Treasuries Move Back To The Downside Following Inflation Data

After ending the previous session modestly higher, treasuries showed a notable move back to the downside during trading on Friday.

Bond prices came under pressure in early trading and remained firmly negative throughout the day. As a result, the yield on the benchmark ten-year note, which moves opposite of its price, climbed 8.2 basis points to 3.751 percent.

The pullback by treasuries came as a closely watched Commerce Department reading on inflation showed consumer price growth slowed by more than expected in the month of November.
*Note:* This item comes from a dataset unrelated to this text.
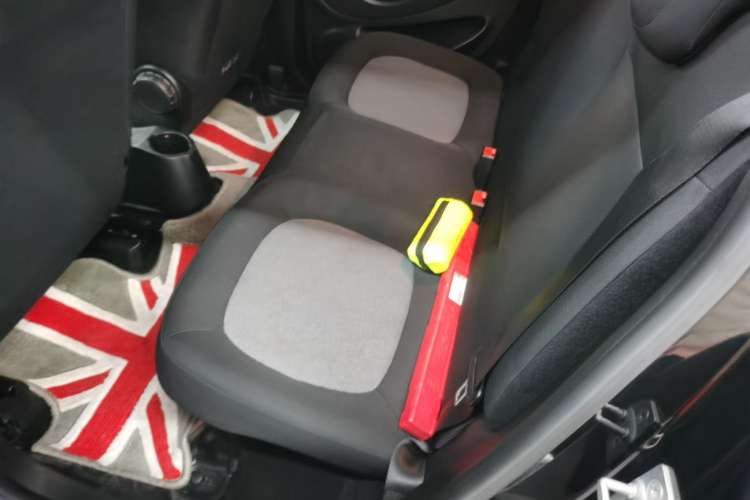 Used smart forfour 2018 1.0L 52 kW Dynamic Edition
The reading on inflation, which is said to be preferred by the Federal Reserve, showed the annual rate of consumer price growth slowed to 5.5 percent in November from an upwardly revised 6.1 percent in October.
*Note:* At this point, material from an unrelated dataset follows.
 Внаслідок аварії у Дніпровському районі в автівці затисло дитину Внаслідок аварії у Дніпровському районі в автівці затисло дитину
Economists had expected the annual rate of consumer price growth to slow to 5.3 percent from the 6.0 percent originally reported for the previous month.
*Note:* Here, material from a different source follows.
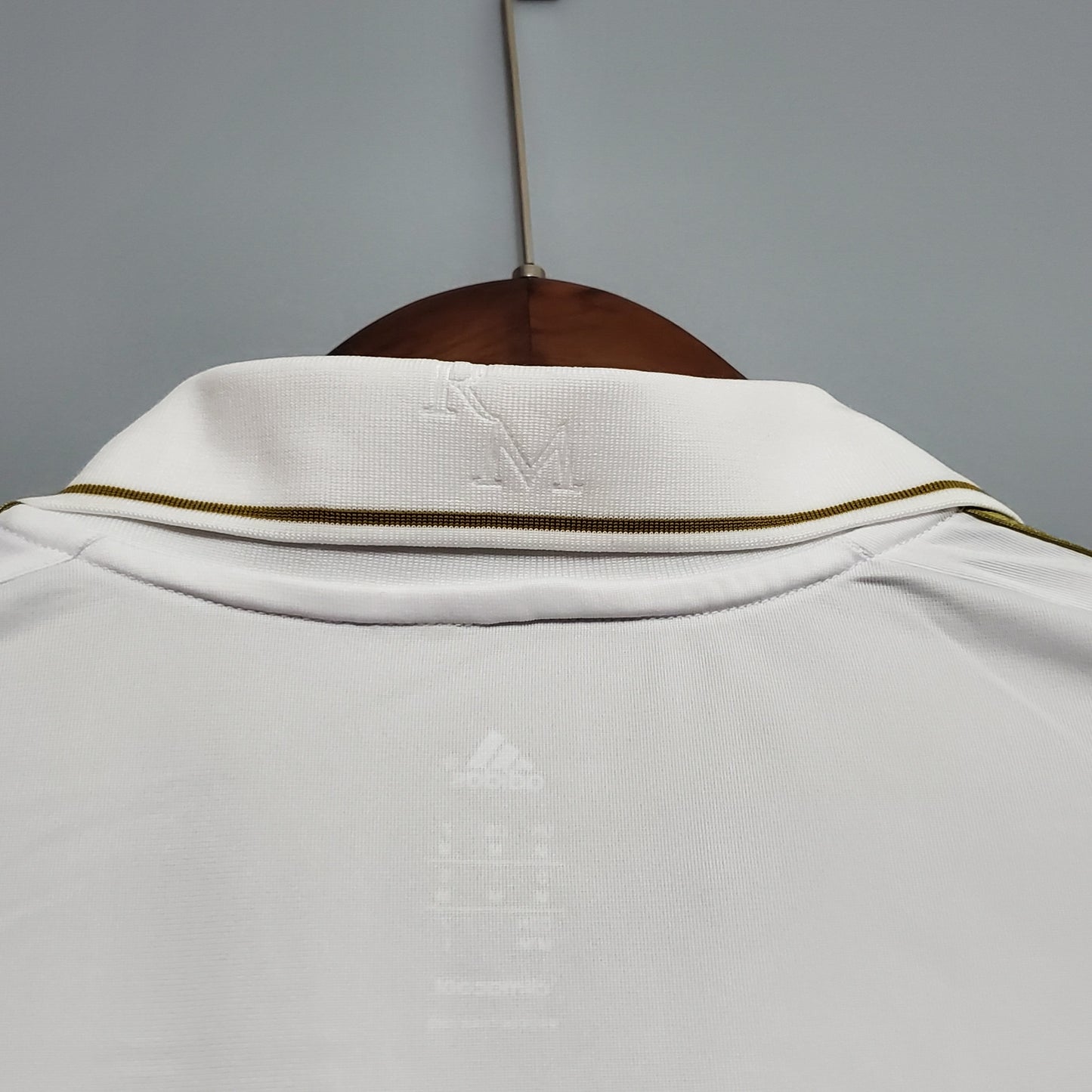 REAL MADRID 2011 - 2012 HOME JERSEY LONG-SLEEVED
Excluding food and energy prices, annual core consumer price growth slowed to 4.7 percent in November from 5.0 percent in October, in line with economist estimates.

On a monthly basis, consumer prices crept up by 0.1 percent in November after climbing by 0.4 percent in October, while core consumer prices edged up by 0.2 percent in November after rising by 0.3 percent in October.

“Inflation is trending lower, but a return to 2% inflation is far away,” said Oren Klachkin, Lead U.S. Economist at Oxford Economics. “More policy tightening by the Fed early next year is likely.”

Meanwhile, bond traders largely shrugged off revised data from the University of Michigan showing one-year inflation expectations fell by more previously estimated in the month of December.

The report showed one-year inflation expectations in December were downwardly revised to 4.4 percent from 4.6 percent.

One-year inflation expectations were at the lowest level in 18 months, down sharply from 4.9 percent in November.

“Declines in short-run inflation expectations were visible across the distribution of age, income, education, as well as political party identification,” said Surveys of Consumers Director Joanne Hsu..

Five-year inflation expectations in December were also downwardly revised to 2.9 percent from 3.0 percent, which was unchanged from November.